The $185 Swarovski Bkrs.
Photo: Bkr

The spiked Tutu version has sold out several times since its launch during the 2016 holiday season. Most recently, it sold out again early this summer on Bkr’s site. The $55 big Naked version, exclusive to Sephora, has been the brand’s best-seller since it launched.

And now, there is the 500 Collection, which launched late last week. Each bottle costs $185 and features hundreds of loose Swarovski crystals in the lid — the founders were inspired after they bought Swarovski pens that look like a tube of crystals. They did not want something “bedazzled,” which is why the crystals are loose in a dome and not glued on. The limited-edition collection is available at Saks, Sephora, Nordstrom, Revolve, and Bkr’s website. The rose gold Tutu style sold out on the site the first hour. It’s been restocked, and the founders say they’ve sold through about half of their entire inventory of the bottle. There’s a charity component: 100 percent of the net profits will be donated to Water for People, a nonprofit working toward making high-quality drinking water accessible to all.

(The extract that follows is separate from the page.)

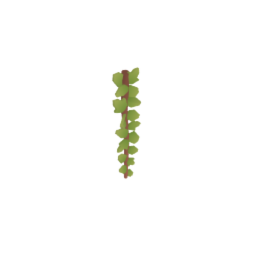 Hanging Vine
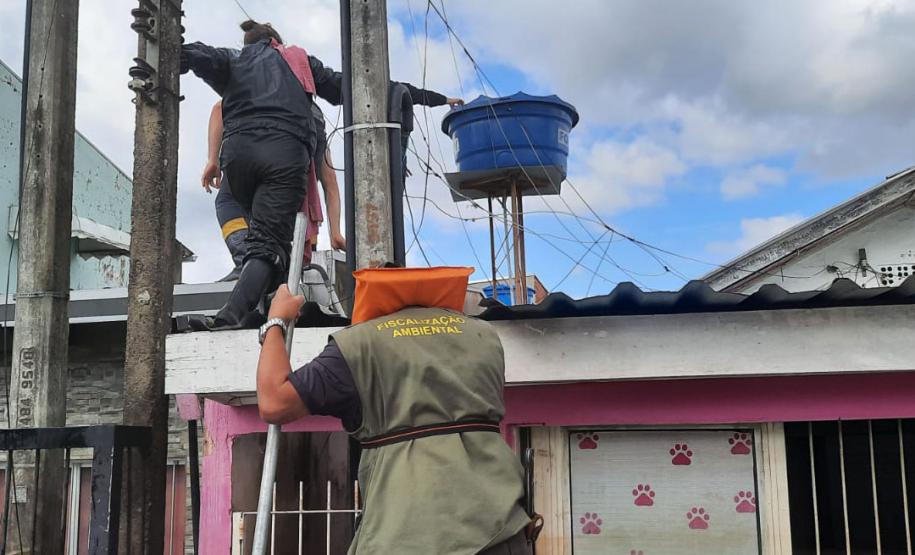 VOLUNTÁRIO EM AÇÃO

As for what’s next, the founders are taking a wait-and-see approach. The two have bootstrapped the company since the beginning since an initial $200,000 friends and family investment. Winter says they’ve received offers, but are wary of taking on outside investors now. And despite limiting their options by turning down offers to carry Bkr at big-box stores and smaller, cool design shops because they want to concentrate on telling the story of Bkr as a beauty product, the company has been profitable since the first year. “We don't want to be forced to do anything we don't want to do,” says Winter, “and also, the niche that we've been building and growing in — luxury — takes time.”

Perhaps there’s a bit of Jet in them: “If a girl looks stunning when she meets you, who gives a damn if she's late?”